Except… we get an error! So what’s going wrong?
4. Unequal Numbers of Columns Across Sheets
A bit of detective work reveals that the “borough” variable is missing from the all the Excel sheets prior to 2015.
This is why the previous step broke. In the previous cleaning function, we told R to use the col_names
vector as the column names when reading in the Excel sheets. This works for the most recent sheets, which have 11 columns - the same as the length of the col_names
vector. But, this breaks when we get to the 2014 sheet, which only has 10 columns.
To get around this problem, we need to make a few adjustments to our function.
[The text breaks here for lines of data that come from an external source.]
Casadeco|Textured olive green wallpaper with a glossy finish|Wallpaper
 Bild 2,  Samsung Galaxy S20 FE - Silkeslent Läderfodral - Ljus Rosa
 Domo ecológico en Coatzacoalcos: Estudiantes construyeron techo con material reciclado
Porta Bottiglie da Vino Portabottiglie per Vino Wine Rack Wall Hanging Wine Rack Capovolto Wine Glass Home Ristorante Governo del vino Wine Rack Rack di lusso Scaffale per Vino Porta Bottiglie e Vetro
# select just names for the 8 columns we need
col_names <- col_names[c(1, 2, 5, 6, 7, 8, 9, 10)]
col_names[9] <- "year"
clean_sheets <- function(sheet) {
year <- str_sub(sheet, 1, 4)
tbl <- read_excel(
"../../resources/tube-station-visits/station-entry-and-exit-figures.xlsx",
sheet = sheet,
skip = 6) %>%
select(nlc,
Station,
contains("day") # select any col containing "day"
) %>%
mutate(year = year)
colnames(tbl) <- col_names
tbl
}
This time, I’m not passing the col_names
vector in as the column names when I first read in the sheets. Instead, I read in the sheets using the bottom row of column titles.
Then, I remove any columns that I don’t need, including the offending “borough” column. Instead, I select just the columns I want, meaning that each sheet will have the same number of columns.
At this point, I can modify the column names to those in our col_names
vector.
With this new and improved function, we can run map_df()
again…
station_flow <- map_df(station_sheets, clean_sheets)
station_flow %>%
head(5) %>%
regulartable() %>%
autofit()
nlc | Station | Entry_Weekday | Entry_Saturday | Entry_Sunday | Exit_Weekday | Exit_Saturday | Exit_Sunday | year |
500 | Acton Town | 9205 | 6722 | 4427 | 8899 | 6320 | 4304 | 2007 |
502 | Aldgate | 9887 | 2191 | 1484 | 10397 | 2587 | 1772 | 2007 |
503 | Aldgate East | 12820 | 7040 | 5505 | 12271 | 6220 | 5000 | 2007 |
505 | Alperton | 4611 | 3354 | 2433 | 4719 | 3450 | 2503 | 2007 |
506 | Amersham | 4182 | 1709 | 1004 | 3938 | 1585 | 957 | 2007 |
Et voila! A nice tidy dataframe eagerly awaiting some plots and analysis.